§ Exercise data:
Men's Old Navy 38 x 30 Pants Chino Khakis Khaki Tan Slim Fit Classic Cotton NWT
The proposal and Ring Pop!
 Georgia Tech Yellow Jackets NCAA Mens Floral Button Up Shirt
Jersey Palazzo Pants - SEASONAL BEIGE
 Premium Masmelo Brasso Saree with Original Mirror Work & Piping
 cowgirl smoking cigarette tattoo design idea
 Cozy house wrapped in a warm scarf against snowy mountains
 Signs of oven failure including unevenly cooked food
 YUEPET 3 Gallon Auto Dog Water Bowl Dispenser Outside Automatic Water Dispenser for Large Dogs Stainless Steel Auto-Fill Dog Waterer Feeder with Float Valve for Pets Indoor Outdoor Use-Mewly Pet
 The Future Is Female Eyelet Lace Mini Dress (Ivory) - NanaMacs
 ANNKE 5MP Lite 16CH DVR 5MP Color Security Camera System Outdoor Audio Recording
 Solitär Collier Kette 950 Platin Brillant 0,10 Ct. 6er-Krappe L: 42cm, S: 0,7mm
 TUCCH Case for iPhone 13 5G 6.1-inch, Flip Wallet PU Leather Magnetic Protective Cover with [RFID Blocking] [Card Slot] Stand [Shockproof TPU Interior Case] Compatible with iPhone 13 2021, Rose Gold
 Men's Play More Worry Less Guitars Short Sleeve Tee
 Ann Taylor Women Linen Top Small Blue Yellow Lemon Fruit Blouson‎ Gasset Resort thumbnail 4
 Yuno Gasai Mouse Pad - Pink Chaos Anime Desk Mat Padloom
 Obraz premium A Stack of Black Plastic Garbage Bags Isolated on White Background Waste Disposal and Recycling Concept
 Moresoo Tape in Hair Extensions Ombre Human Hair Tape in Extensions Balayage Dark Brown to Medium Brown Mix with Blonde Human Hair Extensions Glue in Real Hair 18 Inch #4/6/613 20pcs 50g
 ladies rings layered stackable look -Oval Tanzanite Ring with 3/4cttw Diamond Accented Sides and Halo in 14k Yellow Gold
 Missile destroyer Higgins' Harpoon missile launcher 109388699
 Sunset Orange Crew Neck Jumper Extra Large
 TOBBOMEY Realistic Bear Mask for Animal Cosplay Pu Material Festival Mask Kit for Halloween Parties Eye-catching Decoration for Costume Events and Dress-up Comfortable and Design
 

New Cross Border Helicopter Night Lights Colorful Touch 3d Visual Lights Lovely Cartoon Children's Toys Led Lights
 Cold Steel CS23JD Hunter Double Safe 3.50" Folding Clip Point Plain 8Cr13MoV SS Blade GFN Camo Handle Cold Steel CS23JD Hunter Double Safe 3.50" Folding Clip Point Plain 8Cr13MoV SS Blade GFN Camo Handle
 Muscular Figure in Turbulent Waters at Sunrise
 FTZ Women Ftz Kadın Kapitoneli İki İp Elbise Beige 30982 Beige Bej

§ What you will do: Copy out the lines above exactly, beginning at the one that contains "Sunset Orange Crew Neck Jumper Extra Large" and ending at the one that contains "TOBBOMEY Realistic Bear".

§ Answer to the exercise:
 Sunset Orange Crew Neck Jumper Extra Large
 TOBBOMEY Realistic Bear Mask for Animal Cosplay Pu Material Festival Mask Kit for Halloween Parties Eye-catching Decoration for Costume Events and Dress-up Comfortable and Design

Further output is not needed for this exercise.